▸ **SUPPLIED MATERIAL**
Start of Block

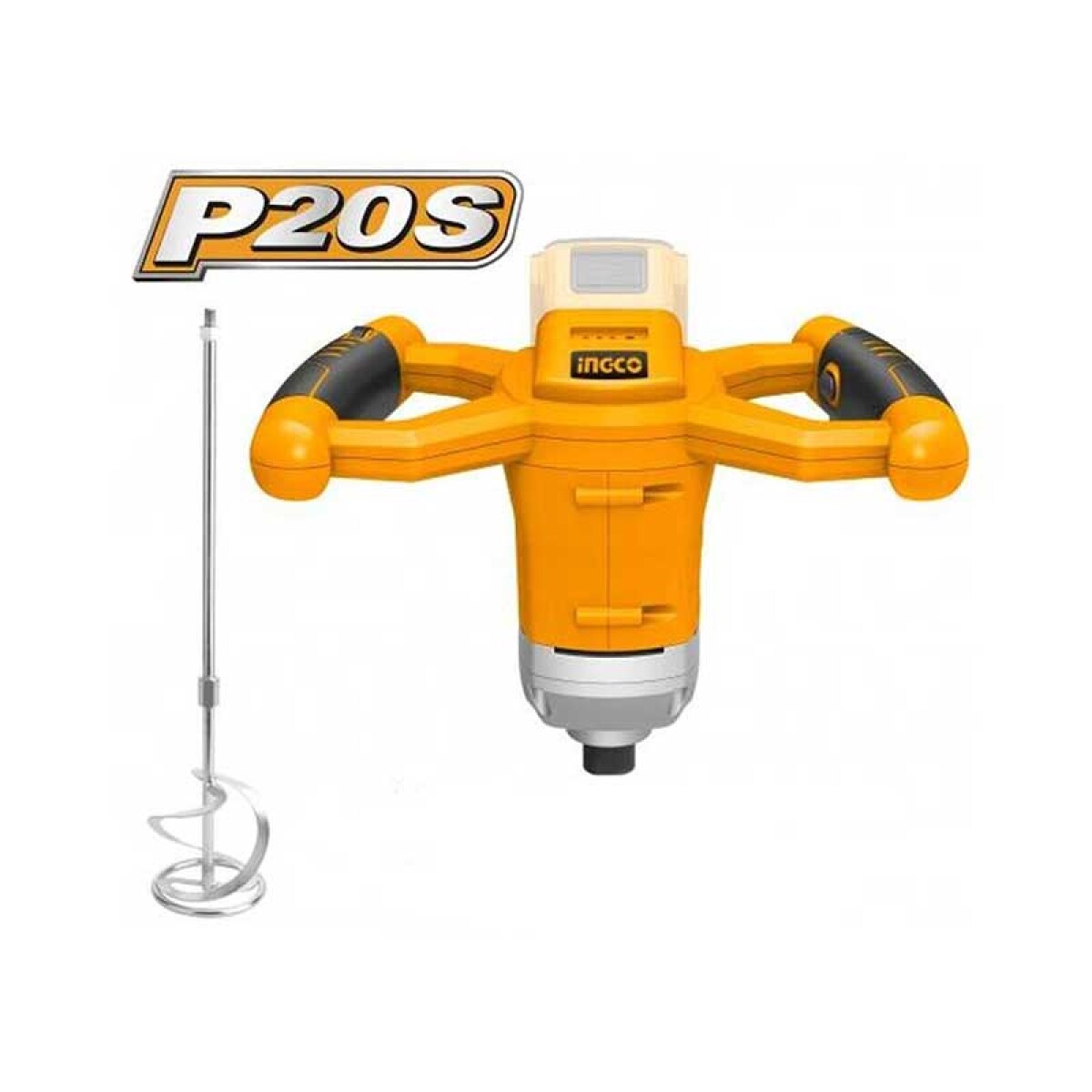 Mezclador pintura 20V sin bat. ni cargador - Ingco - ING0370 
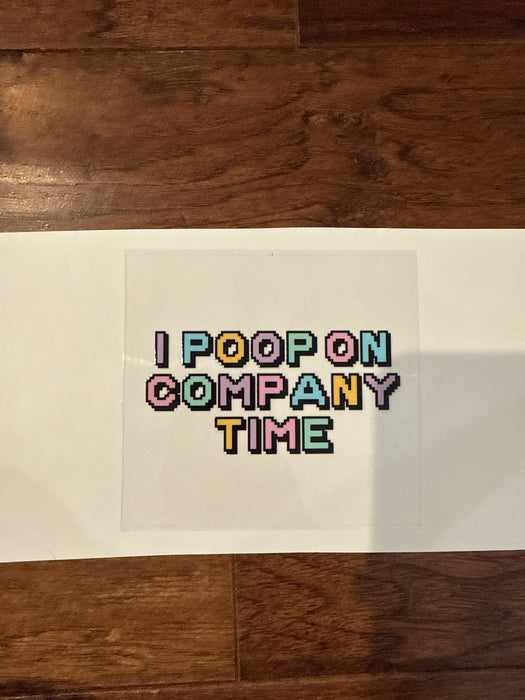 Company Time Decal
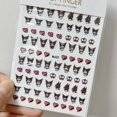thumbnail image 1 of Sanrio 3D Stickers For Nails Nail Art Supplies Cartoon Hello Kitty Cinnamoroll Nail Stickers Nail Decoration Anime Nail Decals, 1 of 4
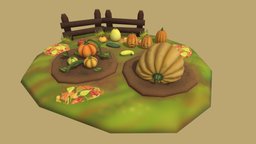 Farm life fence, plant, food, helloween, ranch, grass, plants, flower, garden, bad, happy, set, ground, candle, dirt, leaf, weed, patch, farm, nature, tileable, vegetable, vegetables, gardening, root, soil, harvest, helloween-pumpkin, handpainted, blender, lowpoly, plane, pumpkin, ladyreyna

End of Block

▸ **DIRECTIONS FOR THIS TASK**
From the line that contains "thumbnail image 1" through the last line of the listing, copy each line exactly; both end lines stay in, and pictures stay out.

▸ **TASK SOLUTION**
thumbnail image 1 of Sanrio 3D Stickers For Nails Nail Art Supplies Cartoon Hello Kitty Cinnamoroll Nail Stickers Nail Decoration Anime Nail Decals, 1 of 4
 Farm life fence, plant, food, helloween, ranch, grass, plants, flower, garden, bad, happy, set, ground, candle, dirt, leaf, weed, patch, farm, nature, tileable, vegetable, vegetables, gardening, root, soil, harvest, helloween-pumpkin, handpainted, blender, lowpoly, plane, pumpkin, ladyreyna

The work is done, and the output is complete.